### Import Tools

In [1]:
import pickle
import pandas as pd

from sklearn.metrics import recall_score
from sklearn.metrics import precision_score
from sklearn.metrics import f1_score

from yellowbrick.classifier import ConfusionMatrix
from sklearn.metrics import classification_report



### Import Train Data

In [2]:
X_train = pd.read_csv('../data/X_train_trans.csv', index_col=0)

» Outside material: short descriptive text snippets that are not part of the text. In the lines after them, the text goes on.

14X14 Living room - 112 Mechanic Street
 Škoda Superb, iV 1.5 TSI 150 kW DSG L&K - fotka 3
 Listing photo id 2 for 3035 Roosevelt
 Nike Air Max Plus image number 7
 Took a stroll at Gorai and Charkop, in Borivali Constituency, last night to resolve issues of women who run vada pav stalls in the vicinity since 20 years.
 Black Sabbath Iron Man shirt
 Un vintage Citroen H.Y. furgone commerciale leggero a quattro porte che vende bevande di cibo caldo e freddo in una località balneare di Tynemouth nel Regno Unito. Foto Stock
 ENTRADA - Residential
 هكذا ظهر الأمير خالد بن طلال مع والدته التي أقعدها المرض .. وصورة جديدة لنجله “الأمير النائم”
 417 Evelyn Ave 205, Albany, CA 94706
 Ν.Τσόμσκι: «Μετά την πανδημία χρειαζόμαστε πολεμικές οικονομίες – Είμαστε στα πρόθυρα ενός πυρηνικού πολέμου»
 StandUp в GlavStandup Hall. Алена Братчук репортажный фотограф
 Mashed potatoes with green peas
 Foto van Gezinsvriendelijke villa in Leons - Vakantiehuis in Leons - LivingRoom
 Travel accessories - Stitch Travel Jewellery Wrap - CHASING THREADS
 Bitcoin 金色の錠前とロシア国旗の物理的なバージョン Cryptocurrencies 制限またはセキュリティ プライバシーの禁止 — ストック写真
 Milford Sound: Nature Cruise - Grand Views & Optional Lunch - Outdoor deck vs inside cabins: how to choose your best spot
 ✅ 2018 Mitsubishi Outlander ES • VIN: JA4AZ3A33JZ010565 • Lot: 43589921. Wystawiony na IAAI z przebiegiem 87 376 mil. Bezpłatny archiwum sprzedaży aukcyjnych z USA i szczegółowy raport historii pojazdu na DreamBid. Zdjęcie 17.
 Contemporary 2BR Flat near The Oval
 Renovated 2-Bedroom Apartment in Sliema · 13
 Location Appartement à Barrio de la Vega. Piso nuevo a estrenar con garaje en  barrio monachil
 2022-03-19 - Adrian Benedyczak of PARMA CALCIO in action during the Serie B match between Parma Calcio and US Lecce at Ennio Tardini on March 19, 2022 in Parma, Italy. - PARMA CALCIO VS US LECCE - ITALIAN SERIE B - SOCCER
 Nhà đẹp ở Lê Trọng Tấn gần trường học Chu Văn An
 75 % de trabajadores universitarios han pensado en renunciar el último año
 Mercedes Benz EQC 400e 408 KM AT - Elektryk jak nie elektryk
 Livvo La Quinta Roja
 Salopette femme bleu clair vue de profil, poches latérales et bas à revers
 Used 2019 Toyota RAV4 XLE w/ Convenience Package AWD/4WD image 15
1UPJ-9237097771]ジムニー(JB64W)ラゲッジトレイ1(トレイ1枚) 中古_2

pickle_in = open('../data/y_train.pickle', 'rb')
y_train = pickle.load(pickle_in)

### Import Test Data

In [3]:
X_test = pd.read_csv('../data/X_test_trans.csv', index_col=0)
pickle_in = open('../data/y_test.pickle', 'rb')
y_test = pickle.load(pickle_in)

### Fit Default Gradient Boosting Classifier 

In [4]:
from sklearn.ensemble import GradientBoostingClassifier

In [5]:
gbc = GradientBoostingClassifier()

In [6]:
gbc.fit(X_train,y_train)

GradientBoostingClassifier(ccp_alpha=0.0, criterion='friedman_mse', init=None,
                           learning_rate=0.1, loss='deviance', max_depth=3,
                           max_features=None, max_leaf_nodes=None,
                           min_impurity_decrease=0.0, min_impurity_split=None,
                           min_samples_leaf=1, min_samples_split=2,
                           min_weight_fraction_leaf=0.0, n_estimators=100,
                           n_iter_no_change=None, presort='deprecated',
                           random_state=None, subsample=1.0, tol=0.0001,
                           validation_fraction=0.1, verbose=0,
                           warm_start=False)

In [7]:
y_pred_gbc = gbc.predict(X_test)
y_probs_gbc = gbc.predict_proba(X_test)

In [8]:
print ('accuracy score:', gbc.score(X_test, y_test))
print ('recall:', recall_score(y_test, y_pred_gbc))
print ('precision:', precision_score(y_test, y_pred_gbc))
print ('f1:', f1_score(y_test, y_pred_gbc))

accuracy score: 0.98
recall: 0.8896551724137931
precision: 0.9699248120300752
f1: 0.9280575539568345


In [None]:
cm_gbc = ConfusionMatrix(gbc, classes = ['Maintain', 'Churn'])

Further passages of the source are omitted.